From the line with "Black Twill Cursive 'Nyc' Field Cap" to the final line of the data below, please write out every line exactly, with no pictures.

* TASK INPUTS *
********

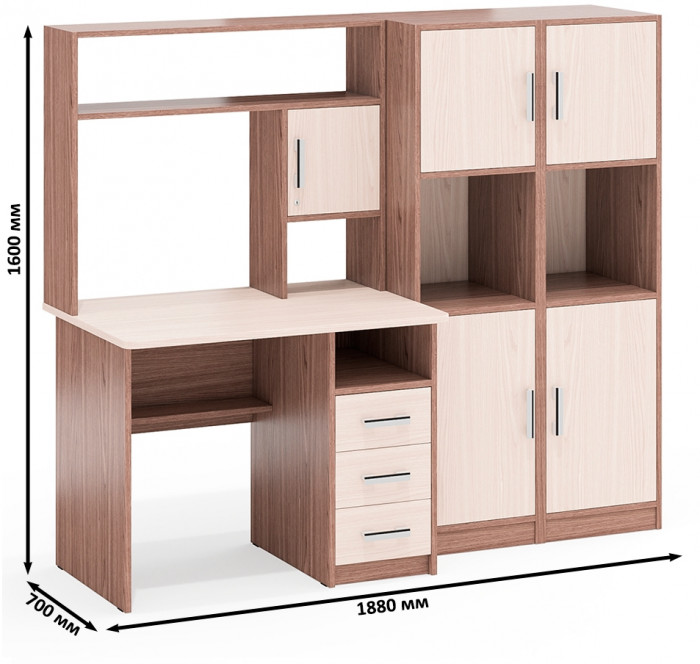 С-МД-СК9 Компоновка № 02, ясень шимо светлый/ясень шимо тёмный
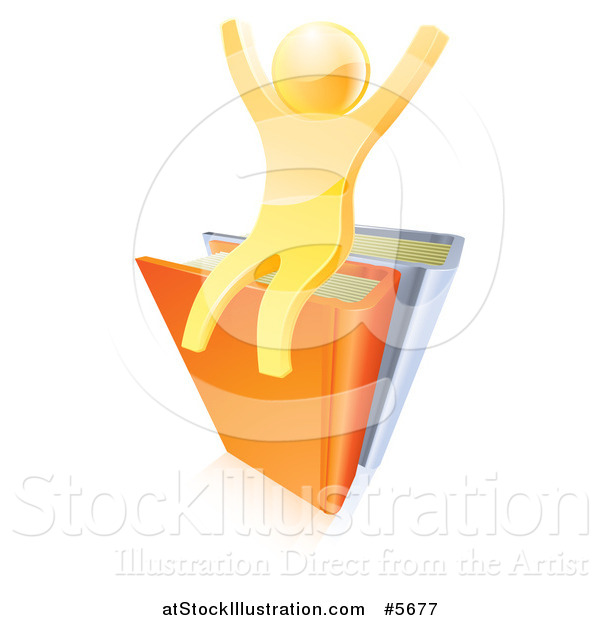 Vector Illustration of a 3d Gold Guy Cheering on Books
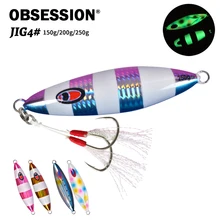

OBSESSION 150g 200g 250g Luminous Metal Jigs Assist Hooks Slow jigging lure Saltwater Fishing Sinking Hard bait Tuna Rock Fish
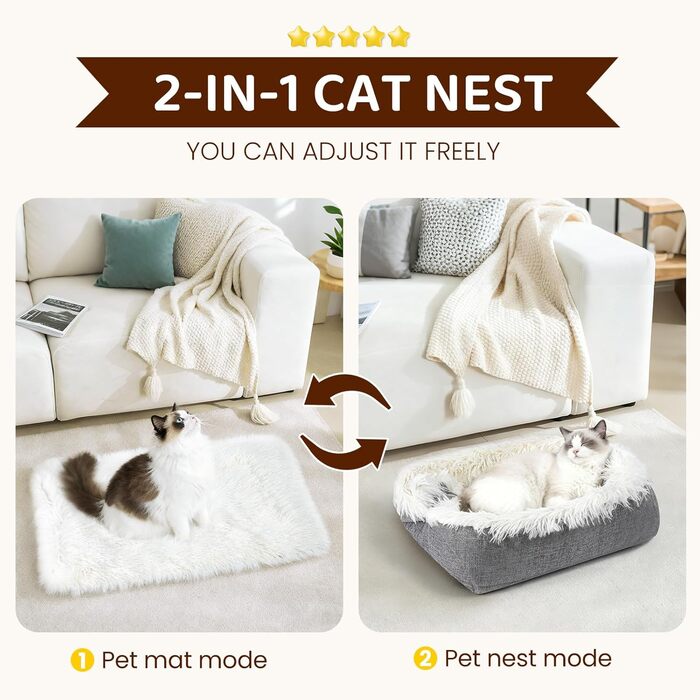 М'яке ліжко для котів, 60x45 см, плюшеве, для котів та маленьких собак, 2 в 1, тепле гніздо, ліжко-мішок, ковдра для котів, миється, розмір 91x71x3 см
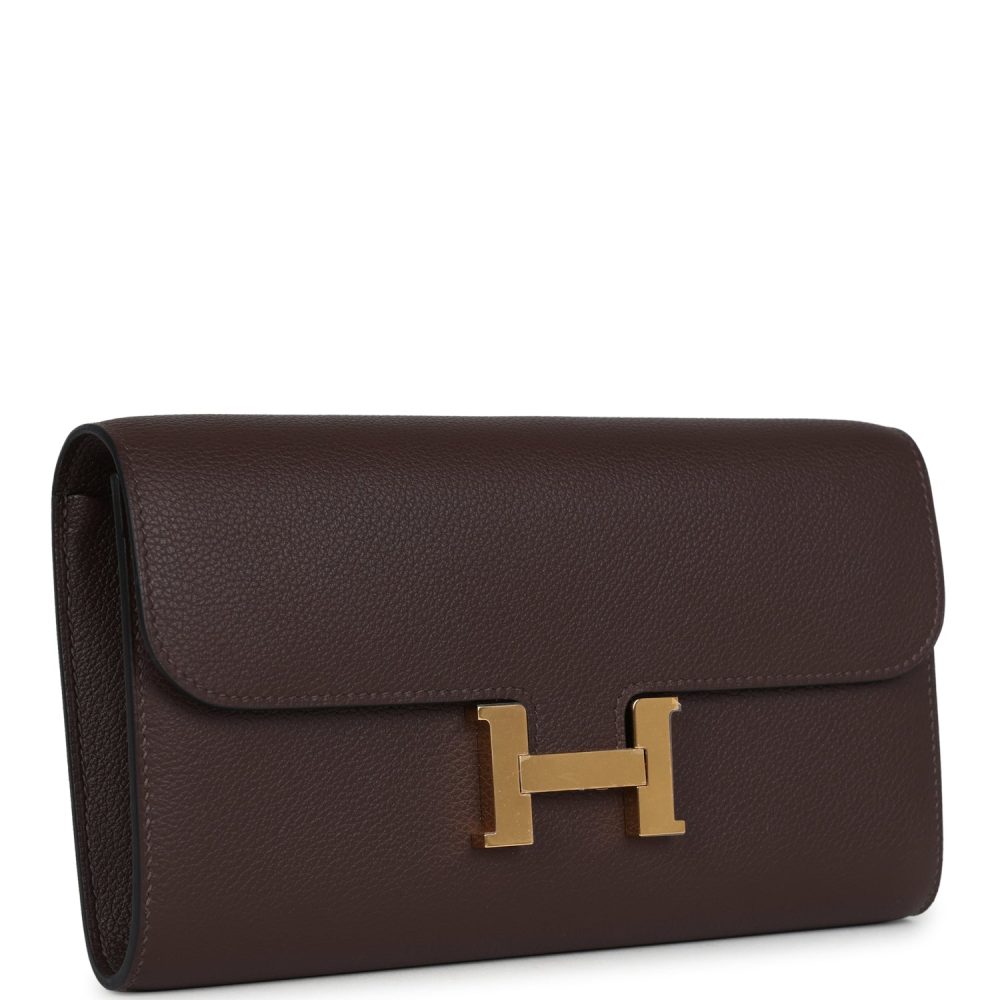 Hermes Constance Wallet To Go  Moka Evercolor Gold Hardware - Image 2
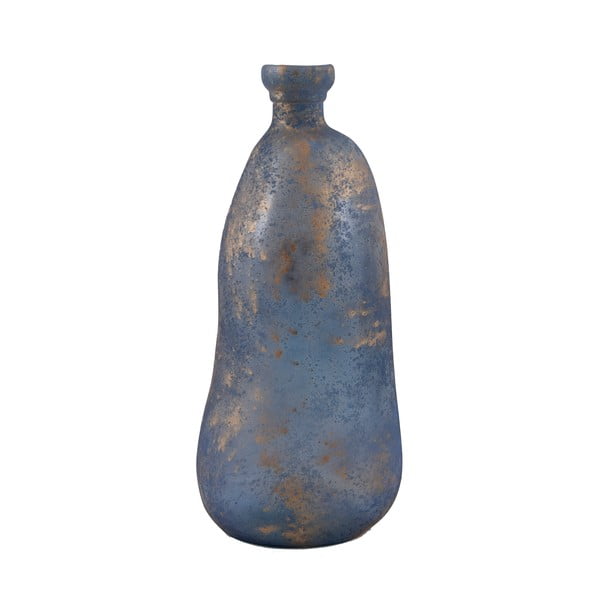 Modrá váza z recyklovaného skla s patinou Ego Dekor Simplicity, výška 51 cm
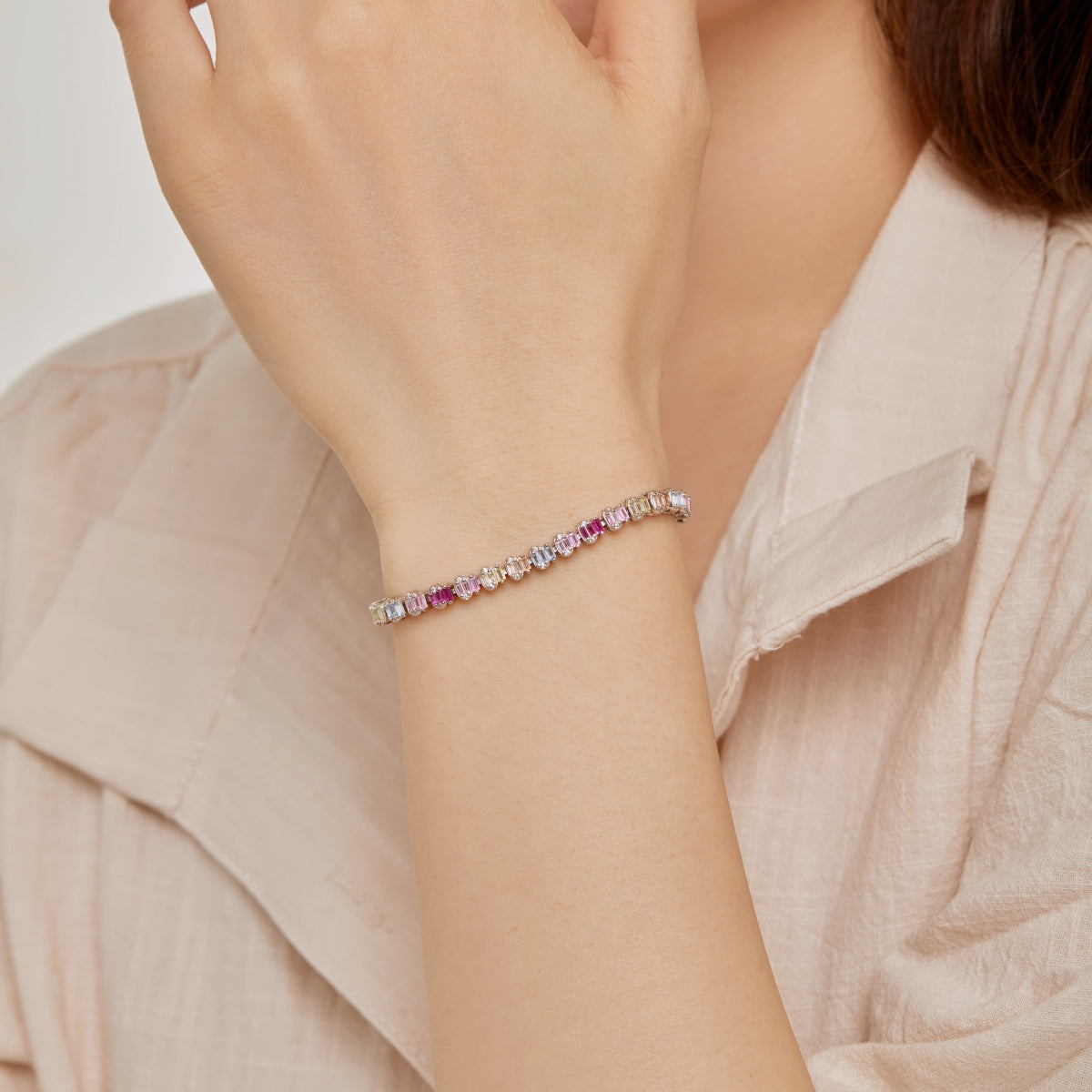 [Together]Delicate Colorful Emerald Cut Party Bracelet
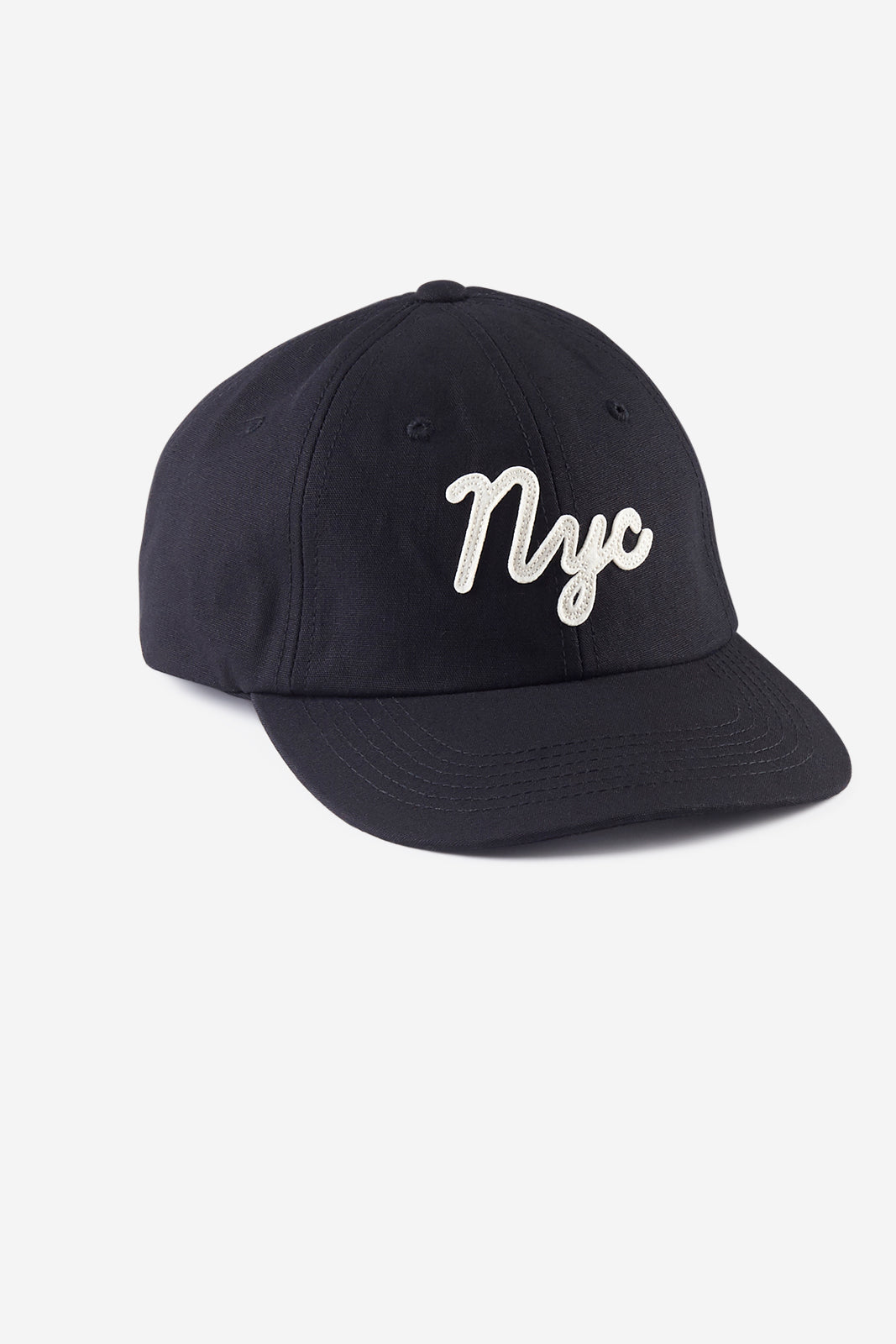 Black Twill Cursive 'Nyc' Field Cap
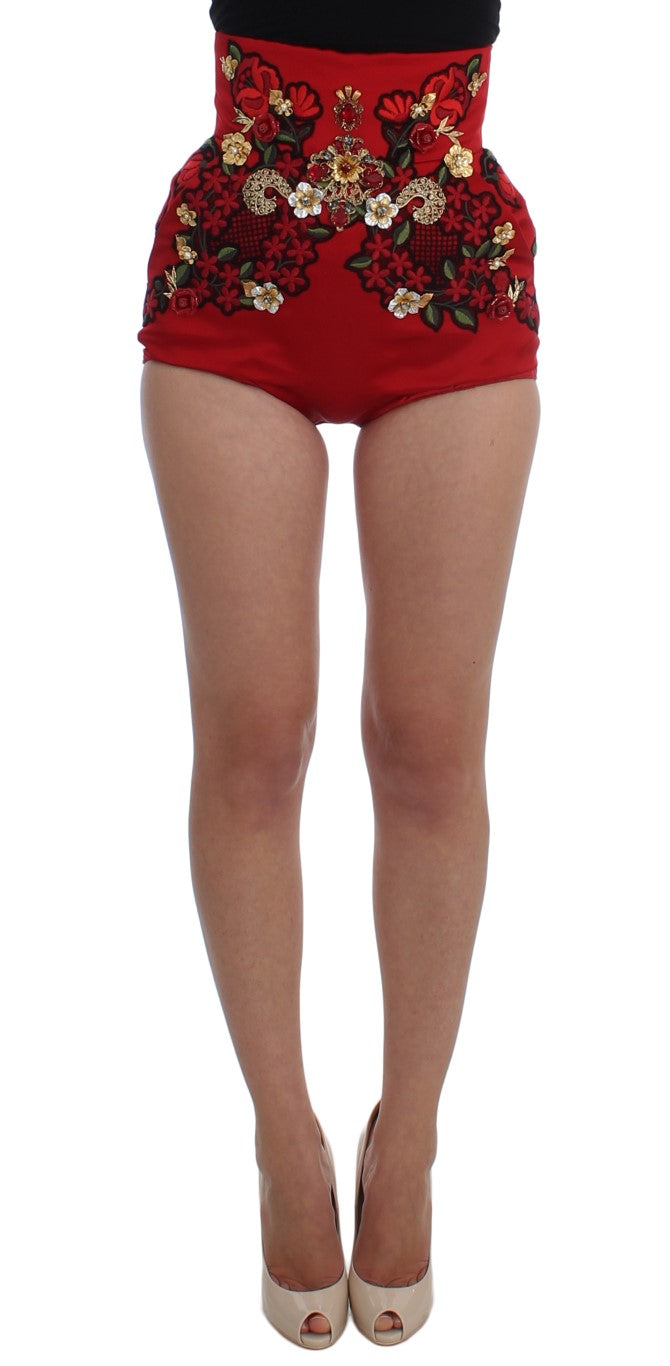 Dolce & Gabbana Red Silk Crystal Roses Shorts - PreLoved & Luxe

********

* RESULT OF THE EXERCISE *
 Black Twill Cursive 'Nyc' Field Cap
 Dolce & Gabbana Red Silk Crystal Roses Shorts - PreLoved & Luxe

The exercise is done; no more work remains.